### Input material
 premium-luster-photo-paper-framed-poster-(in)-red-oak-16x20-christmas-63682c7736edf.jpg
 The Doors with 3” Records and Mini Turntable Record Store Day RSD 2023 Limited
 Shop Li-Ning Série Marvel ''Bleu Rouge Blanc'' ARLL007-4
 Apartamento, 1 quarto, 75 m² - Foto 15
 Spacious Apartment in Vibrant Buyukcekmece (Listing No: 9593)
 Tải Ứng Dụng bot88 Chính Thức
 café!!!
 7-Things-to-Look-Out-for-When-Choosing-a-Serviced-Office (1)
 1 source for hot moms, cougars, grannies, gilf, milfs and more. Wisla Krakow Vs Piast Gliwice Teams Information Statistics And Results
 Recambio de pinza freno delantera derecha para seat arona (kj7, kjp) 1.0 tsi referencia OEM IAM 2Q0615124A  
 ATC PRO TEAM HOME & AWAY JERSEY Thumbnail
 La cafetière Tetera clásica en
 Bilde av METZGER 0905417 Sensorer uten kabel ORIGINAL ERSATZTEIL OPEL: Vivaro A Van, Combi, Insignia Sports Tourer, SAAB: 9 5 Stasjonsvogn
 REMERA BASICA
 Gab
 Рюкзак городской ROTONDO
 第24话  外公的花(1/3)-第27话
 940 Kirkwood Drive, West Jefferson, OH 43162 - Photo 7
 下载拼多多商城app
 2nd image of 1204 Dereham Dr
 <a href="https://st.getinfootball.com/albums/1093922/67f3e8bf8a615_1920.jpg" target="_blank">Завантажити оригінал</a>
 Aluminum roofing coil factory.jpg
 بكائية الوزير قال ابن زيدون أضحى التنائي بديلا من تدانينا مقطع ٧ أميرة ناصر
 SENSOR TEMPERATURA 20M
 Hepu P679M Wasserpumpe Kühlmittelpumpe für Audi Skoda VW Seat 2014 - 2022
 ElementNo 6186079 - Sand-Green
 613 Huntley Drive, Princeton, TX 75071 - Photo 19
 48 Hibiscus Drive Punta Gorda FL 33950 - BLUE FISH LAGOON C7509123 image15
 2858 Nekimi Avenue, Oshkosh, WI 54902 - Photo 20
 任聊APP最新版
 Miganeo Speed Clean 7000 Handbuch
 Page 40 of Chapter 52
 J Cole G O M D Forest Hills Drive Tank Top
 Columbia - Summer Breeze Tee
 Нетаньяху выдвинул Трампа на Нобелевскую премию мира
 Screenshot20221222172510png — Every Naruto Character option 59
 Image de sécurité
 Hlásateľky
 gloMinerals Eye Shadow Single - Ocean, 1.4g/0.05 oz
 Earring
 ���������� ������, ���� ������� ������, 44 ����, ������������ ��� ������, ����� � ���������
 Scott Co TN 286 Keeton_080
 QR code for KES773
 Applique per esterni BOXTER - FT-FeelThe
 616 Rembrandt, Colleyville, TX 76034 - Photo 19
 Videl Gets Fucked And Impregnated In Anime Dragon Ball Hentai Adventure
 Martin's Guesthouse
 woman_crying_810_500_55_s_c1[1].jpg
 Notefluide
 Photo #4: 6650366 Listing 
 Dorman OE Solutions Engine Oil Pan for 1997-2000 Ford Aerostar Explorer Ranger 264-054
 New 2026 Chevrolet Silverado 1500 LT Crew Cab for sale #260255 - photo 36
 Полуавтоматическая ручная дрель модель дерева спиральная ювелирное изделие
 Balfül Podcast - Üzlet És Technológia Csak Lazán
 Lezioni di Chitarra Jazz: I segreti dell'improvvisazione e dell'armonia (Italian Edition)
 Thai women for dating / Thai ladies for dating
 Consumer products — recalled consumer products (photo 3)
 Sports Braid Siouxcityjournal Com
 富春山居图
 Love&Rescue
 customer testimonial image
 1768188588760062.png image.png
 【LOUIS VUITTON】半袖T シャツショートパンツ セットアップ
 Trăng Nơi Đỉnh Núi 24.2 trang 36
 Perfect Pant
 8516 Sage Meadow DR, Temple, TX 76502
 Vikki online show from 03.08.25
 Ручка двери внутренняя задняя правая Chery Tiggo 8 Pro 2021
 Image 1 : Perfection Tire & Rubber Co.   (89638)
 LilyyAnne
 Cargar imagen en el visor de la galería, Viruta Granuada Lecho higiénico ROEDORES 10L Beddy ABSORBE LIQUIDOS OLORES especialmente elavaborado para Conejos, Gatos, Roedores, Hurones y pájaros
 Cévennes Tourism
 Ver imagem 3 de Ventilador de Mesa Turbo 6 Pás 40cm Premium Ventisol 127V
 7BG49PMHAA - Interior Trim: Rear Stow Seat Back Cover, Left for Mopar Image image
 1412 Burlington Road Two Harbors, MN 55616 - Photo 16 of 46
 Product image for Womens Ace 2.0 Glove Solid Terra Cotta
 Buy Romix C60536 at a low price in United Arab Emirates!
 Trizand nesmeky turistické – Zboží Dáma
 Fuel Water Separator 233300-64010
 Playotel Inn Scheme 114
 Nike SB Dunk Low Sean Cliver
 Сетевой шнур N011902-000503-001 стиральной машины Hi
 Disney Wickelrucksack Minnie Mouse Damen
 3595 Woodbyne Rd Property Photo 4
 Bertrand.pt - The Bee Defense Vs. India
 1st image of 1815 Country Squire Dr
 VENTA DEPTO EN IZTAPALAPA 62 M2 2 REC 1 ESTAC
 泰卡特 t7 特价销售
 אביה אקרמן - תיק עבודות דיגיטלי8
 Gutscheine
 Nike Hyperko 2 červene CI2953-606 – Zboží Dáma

### Problem requirements
From the entries above, extract only the lines running from the one containing "Apartamento, 1 quarto, 75 m² - Foto 15" through the one containing "1 source for", inclusive.

### Result of the task
 Apartamento, 1 quarto, 75 m² - Foto 15
 Spacious Apartment in Vibrant Buyukcekmece (Listing No: 9593)
 Tải Ứng Dụng bot88 Chính Thức
 café!!!
 7-Things-to-Look-Out-for-When-Choosing-a-Serviced-Office (1)
 1 source for hot moms, cougars, grannies, gilf, milfs and more. Wisla Krakow Vs Piast Gliwice Teams Information Statistics And Results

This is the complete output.